**Supplied data**
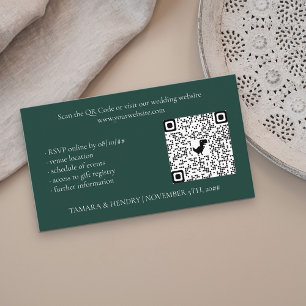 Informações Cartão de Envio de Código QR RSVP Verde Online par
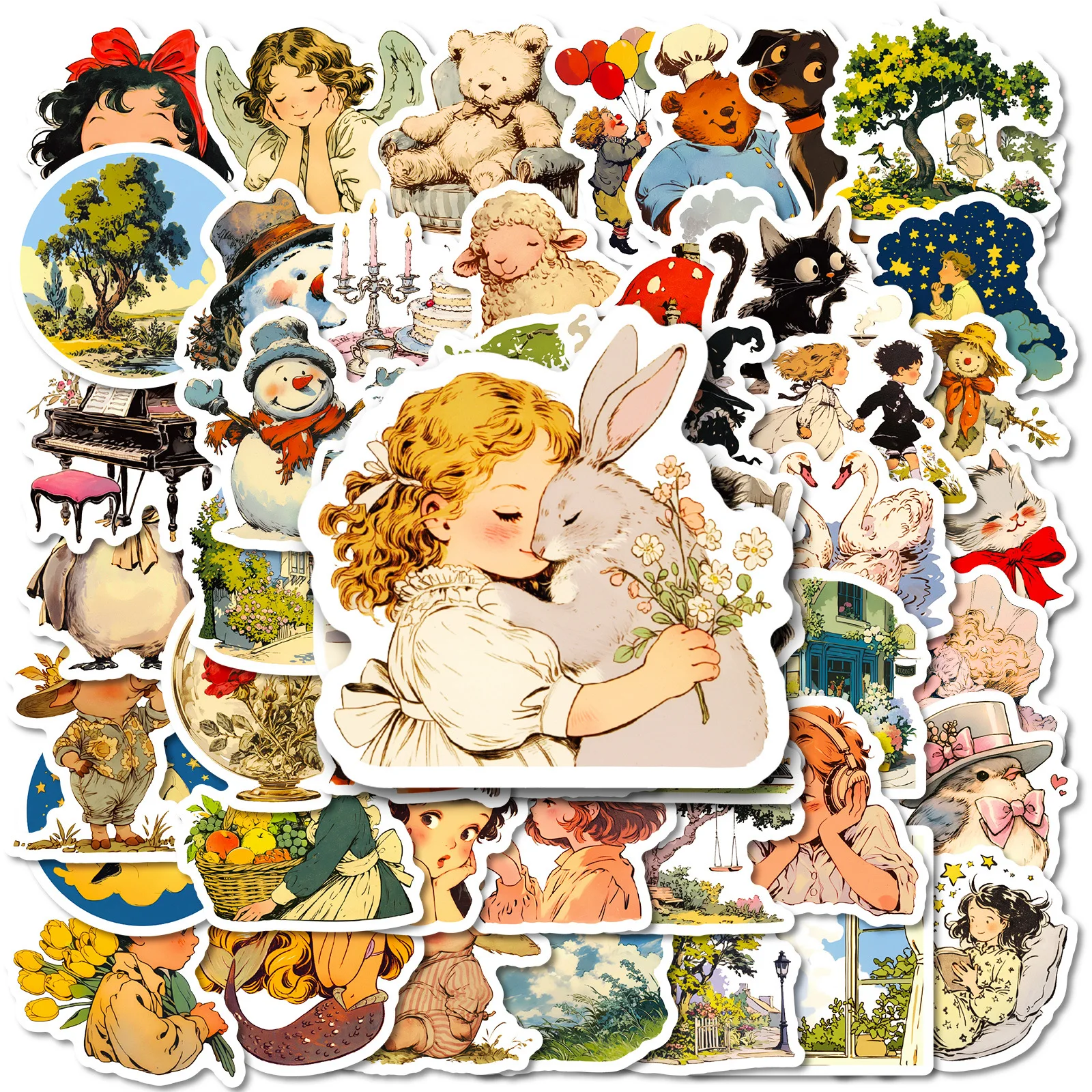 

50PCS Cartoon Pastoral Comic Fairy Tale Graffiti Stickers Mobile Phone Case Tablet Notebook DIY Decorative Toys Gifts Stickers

---

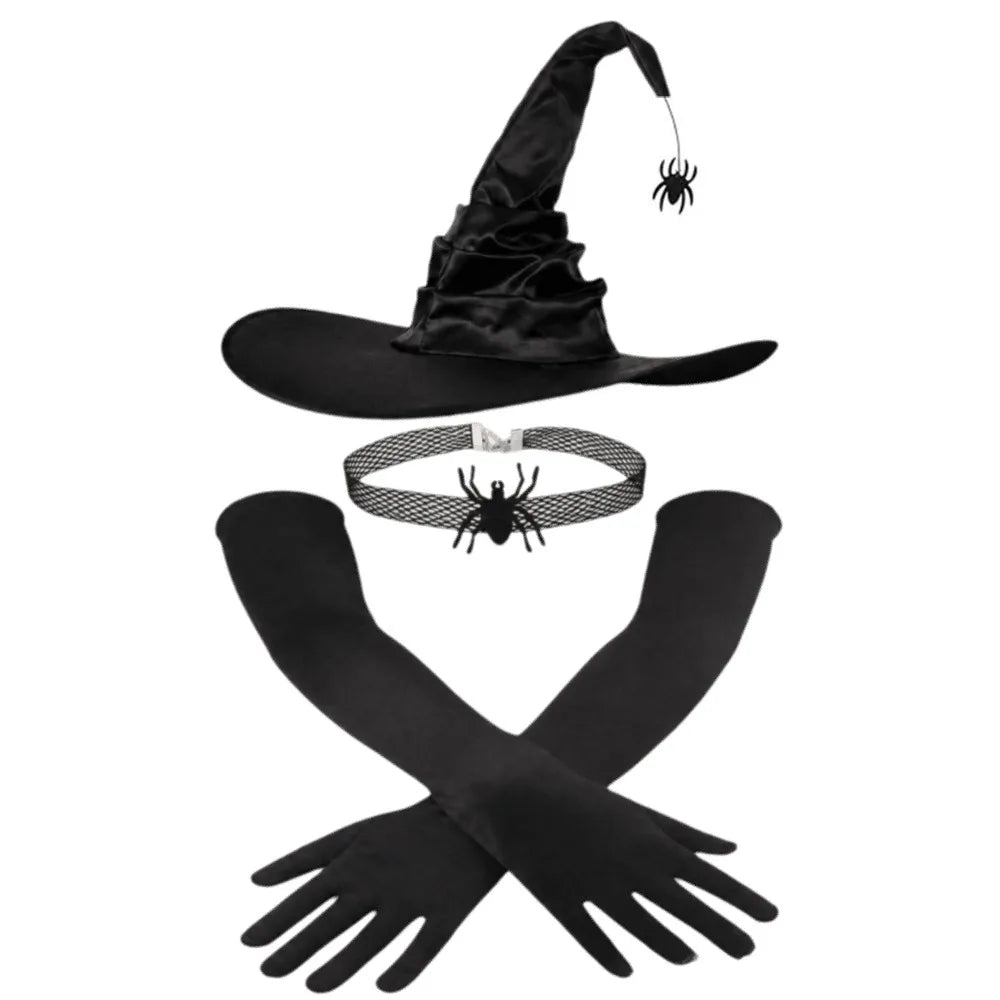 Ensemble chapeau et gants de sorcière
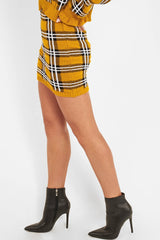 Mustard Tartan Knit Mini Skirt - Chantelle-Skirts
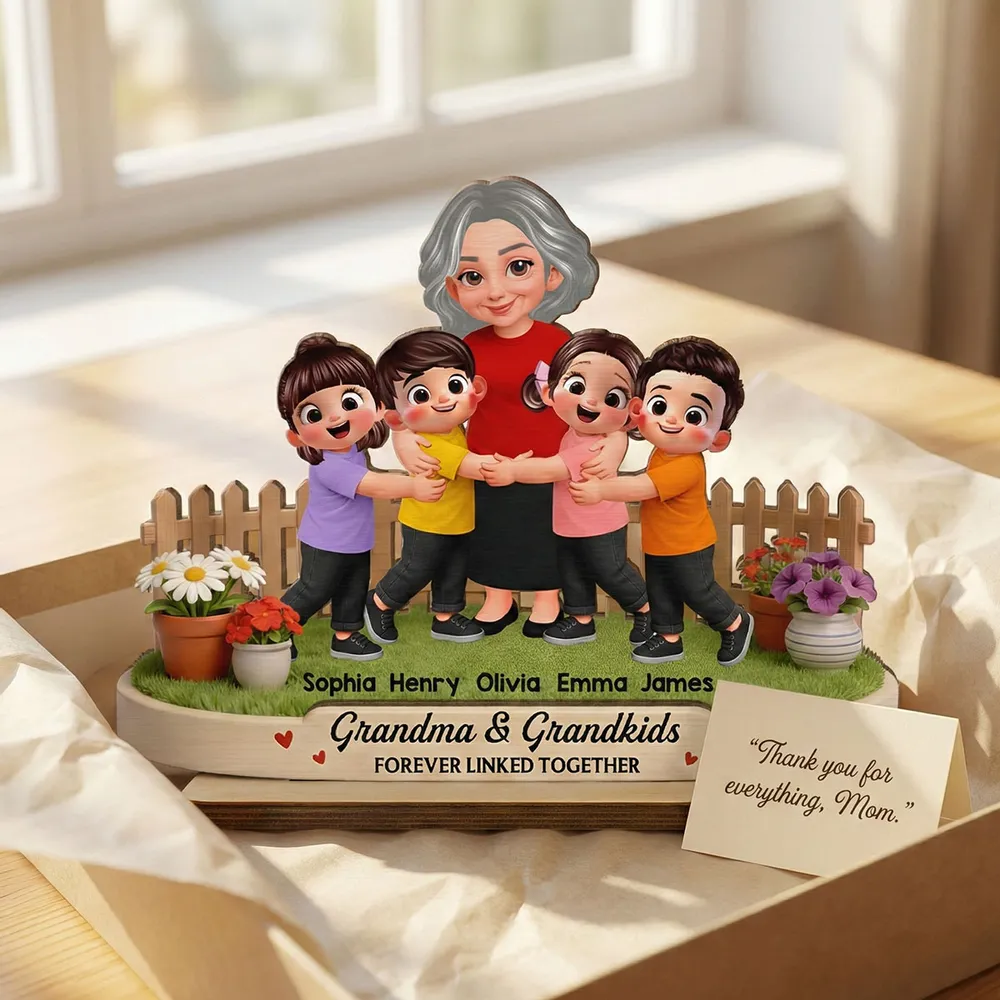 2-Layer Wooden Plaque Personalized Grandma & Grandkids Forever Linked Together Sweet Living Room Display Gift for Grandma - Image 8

**Task requirements**
Reproduce the lines above starting at the one with "Informações Cartão de" and ending at the one with "50PCS Cartoon Pastoral", both included, exactly and with no pictures.

**Answer box**
 Informações Cartão de Envio de Código QR RSVP Verde Online par

50PCS Cartoon Pastoral Comic Fairy Tale Graffiti Stickers Mobile Phone Case Tablet Notebook DIY Decorative Toys Gifts Stickers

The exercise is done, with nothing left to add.